Of course, this is just Native Americans' land that they're just appropriating for themselves, but that's a whole separate issue. So you got 50 acres more land every time you brought one person over from England. So if you could afford to bring more and more of these indentured servants over from England, you could amass huge, huge amounts of property—just gigantic tobacco plantations.

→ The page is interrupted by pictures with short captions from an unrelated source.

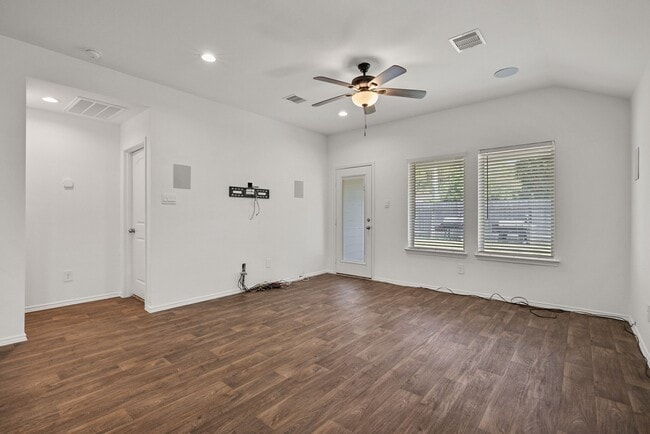 Building Photo - 22454 Forest Gorge Ln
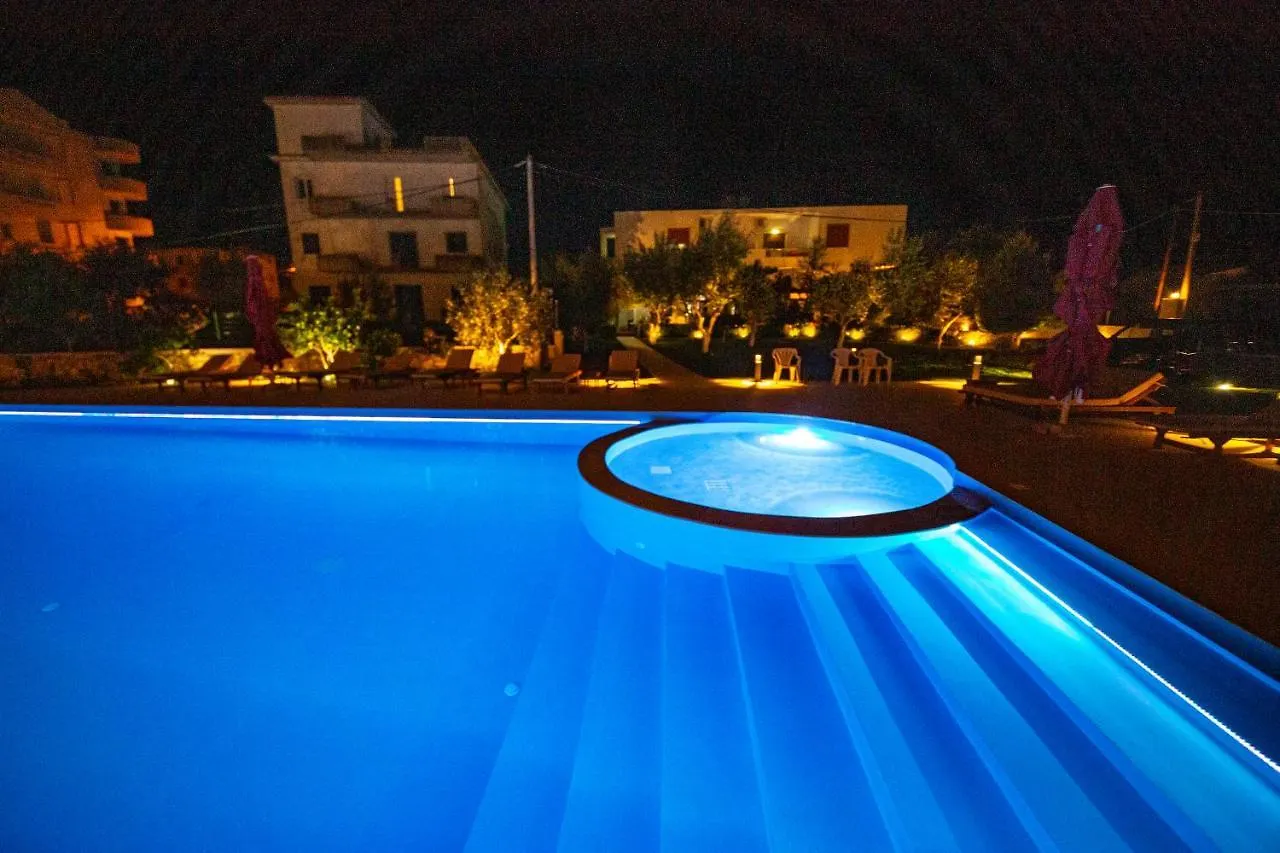 ***  Hotel Villa Qendra Ksamil Albanie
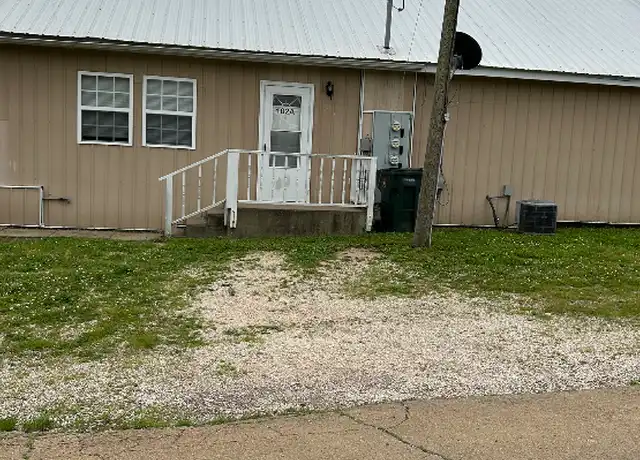 Property at 102 Walnut St Unit A, Pilot Knob, MO, 63663, 1 bed, 1 bath, [object Object]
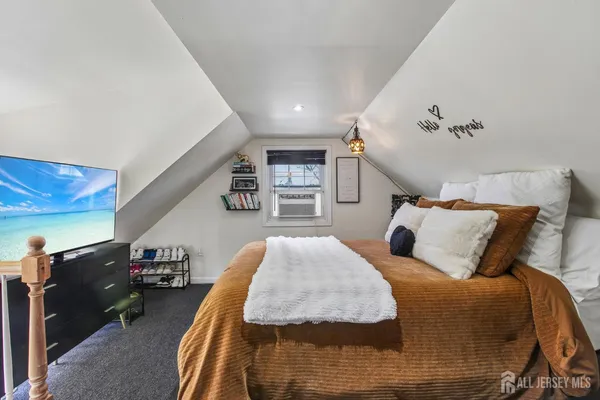 $525,000 | 208 Gordon Street, Perth Amboy, NJ 08861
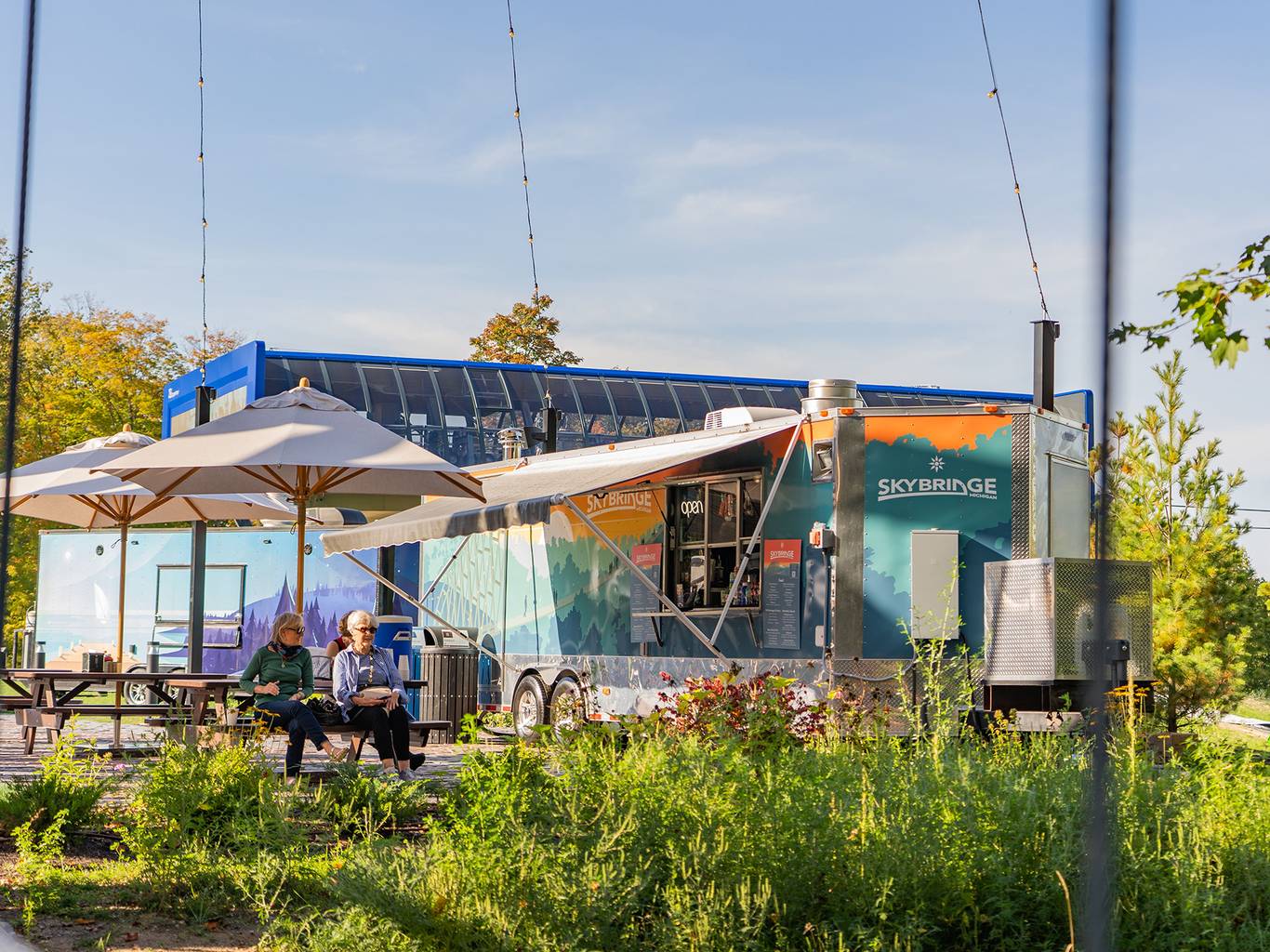 picture of SkyBridge Michigan food truck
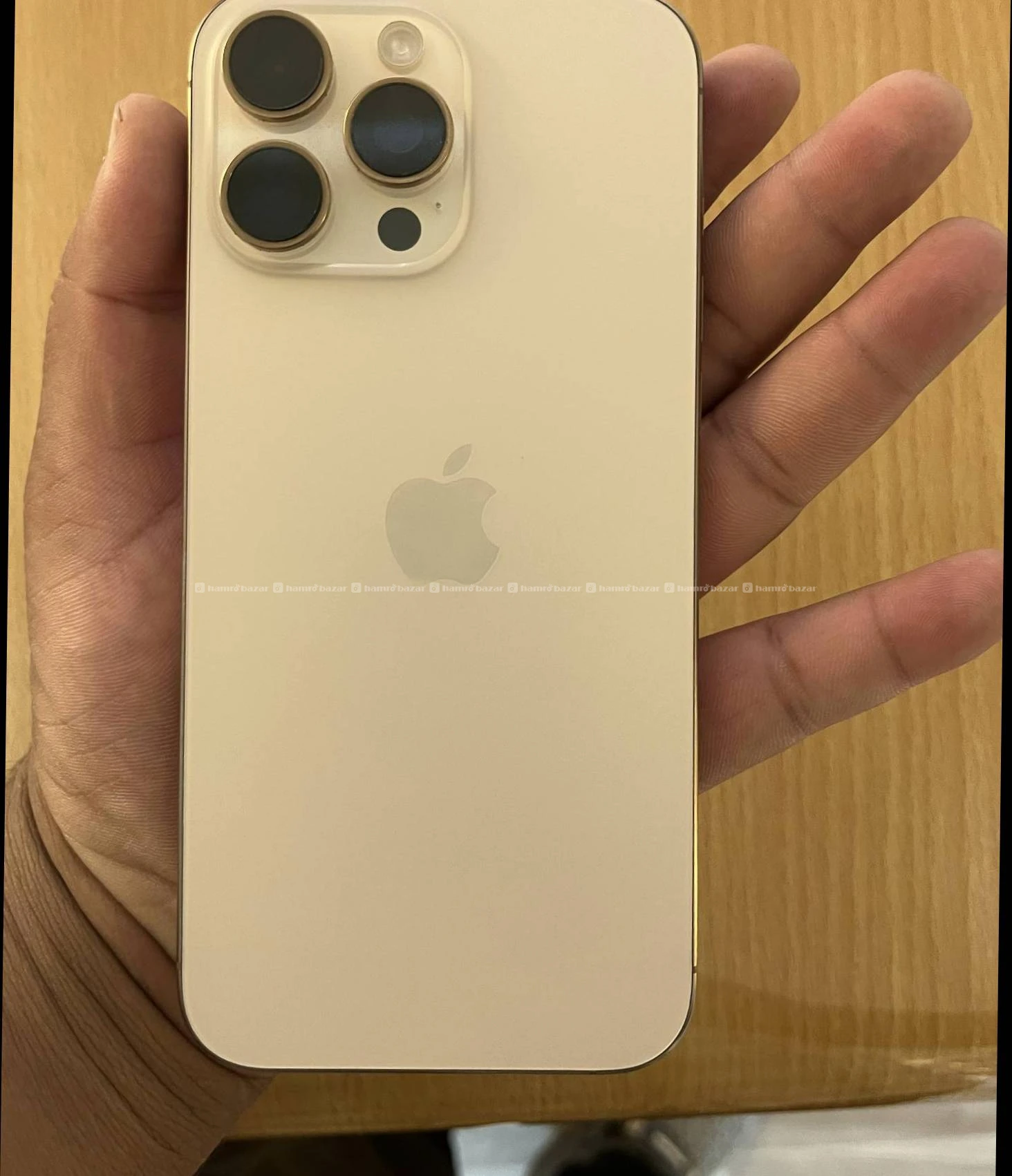 iPhone 16 Pro Max (256GB)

And early on in the history of indentured servitude, very few of the servants, a pretty small percentage, actually lived to finish their indenture and to make good on this promise of land for themselves and tools and clothes to get started. So this very quickly begins to build a social structure in Virginia, where there are a few planters who are extremely wealthy, who own lots of land, and then there's everybody else. There's a large number of indentured servants who've only been there for a couple of years, who may or may not live to see out the end of their indenture.

So this is kind of a large lower class, and then there are a handful of small farmers who managed to live through their period of indenture, are now getting started on their own, and then there's just a tiny smattering of enslaved Africans—so just a few slaves in Virginia. This is in the early years of the 1600s. So how do we get from a world where the vast majority of workers in the southern part of what will become the United States are white to a world where the vast majority of people working on plantations were enslaved black Africans? We'll talk more about that in the next video.